Important to managing this is being able to effectively communicate to the player what the failure was. Did I die because I made a mistake in one of my choices? Which choice was it? What should I have done differently?

Roguelikes can be prone to “noise,” information that isn’t actually informative. And when a roguelike doesn’t effectively help a player know what the problem is, that transforms the player’s relationship to the game, switching it over from a game of skill to a game of luck. In other words, because you don’t necessarily know what you’re doing, you have to guess and hope that you made the right decision (or combination of decisions) to allow you to win.

So a roguelike needs to be wary in how it incorporates its randomness. Unfortunately, a roguelike cannot remove the randomness entirely, since that is essentially the driving force behind the roguelike’s appeal.

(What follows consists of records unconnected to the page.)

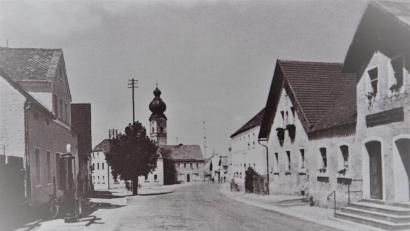 Bild: exb
Die Aufnahme von 1937 zeigt die Kirche nach dem Brand mit dem neuen Turm und am Tillyplatz auf der linken Seite die Tankstelle und das Geschäftshaus Müller (Waldmüller) und rechts die Anwesen Lang (Alisn), Wild (Gougl) und Meckl (Pöiterlsimmer).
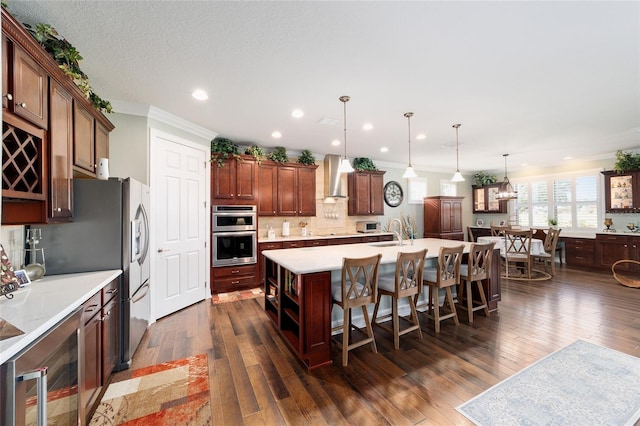 kitchen with an island with sink, wall chimney exhaust hood, pendant lighting, and dark hardwood / wood-style floors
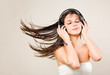 Brunette immersed in music wearing headphones.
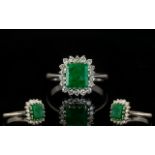 18ct White Gold Attractive Emerald And Diamond Cluster Ring Fully hallmarked,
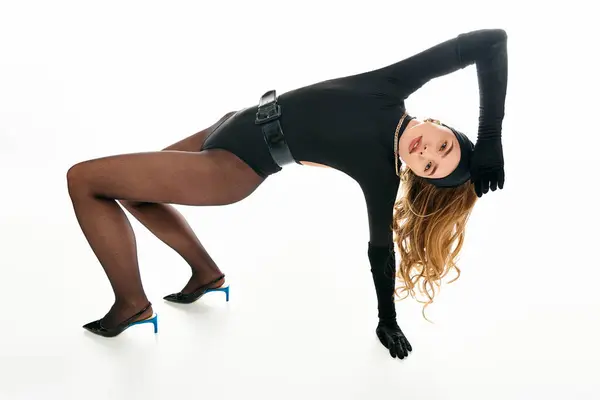 Uma jovem mulher em uma roupa preta chique se curva para trás, mostrando sua flexibilidade e graça. — Fotografia de Stock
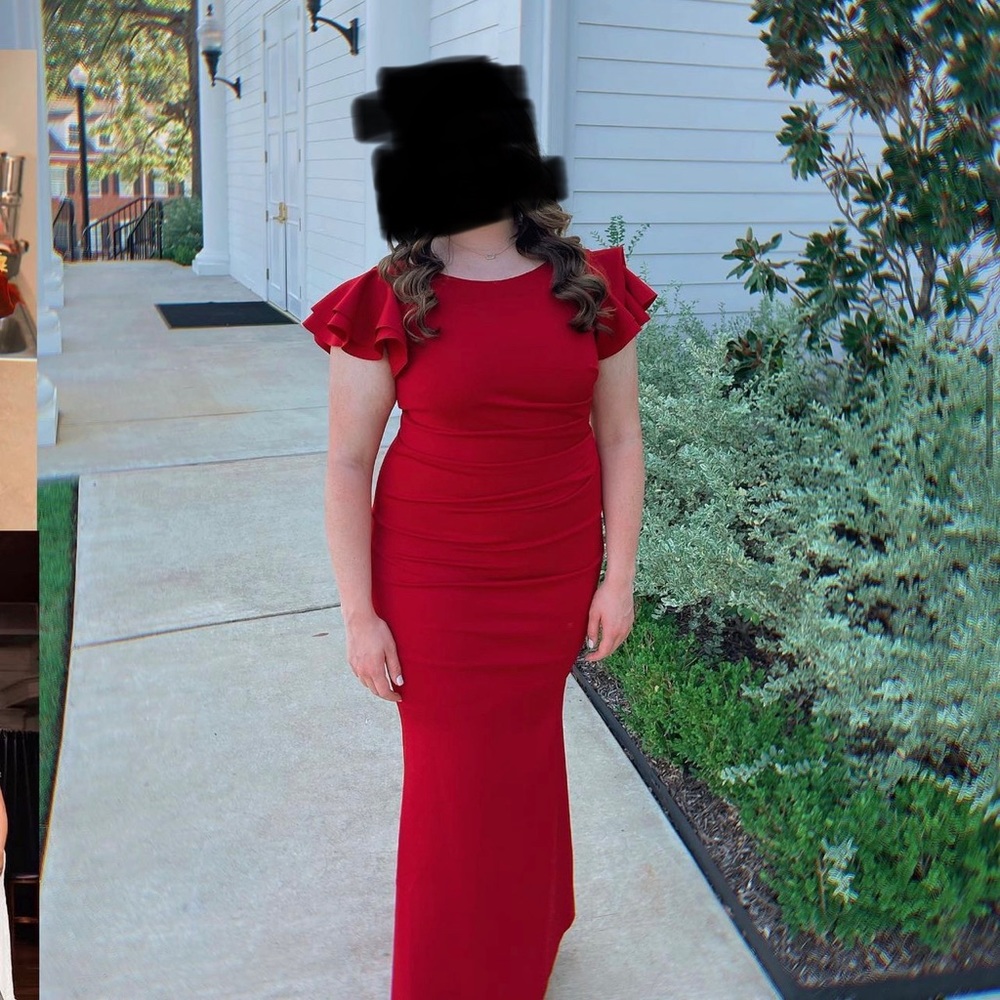 Red flutter sleeve long dress.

But while randomness is essential for the genre, it cannot be allowed to get out of hand. The core needs to rely on the player’s skill, and any good luck simply augments that skill, rather than creating it.

Concluding Remarks

There are a lot of wonderful roguelike games to play, and since the genre is fairly broad, there are a lot of different mechanics and styles that have been explored and will likely be explored.

But as those roguelikes get made, and as we turn to those roguelikes that exist, it is important to keep in mind the role that randomness plays in the genre as a whole and each individual game in particular. And we should think about how that randomness mingles with the player’s own ability.

Because a roguelike is built around the idea of gradual progression, but a very particular kind of progression. The progression of slowly getting toward victory, and becoming more skilled so that victory becomes more easily attainable. When luck plays too big a role in the player’s ability to succeed, then that progression is hindered or even halted.


[1] In short, it’s a distinction that doesn’t work well linguistically. Firstly, the two terms are far too similar, meaning that it’s easy to get them confused. And given that there’s not a lot of information in the names to really help identify which term goes with which genre, this confusion would only be more likely. It would be far easier to call all of these games “roguelikes” and then more clearly define the different types within the genre: something along the lines of “fully randomized roguelikes” versus “progression roguelikes.” These terms definitely don’t need to be adopted, but the point is that making a clearer distinction within the genre is more useful than the current “like/lite” distinction.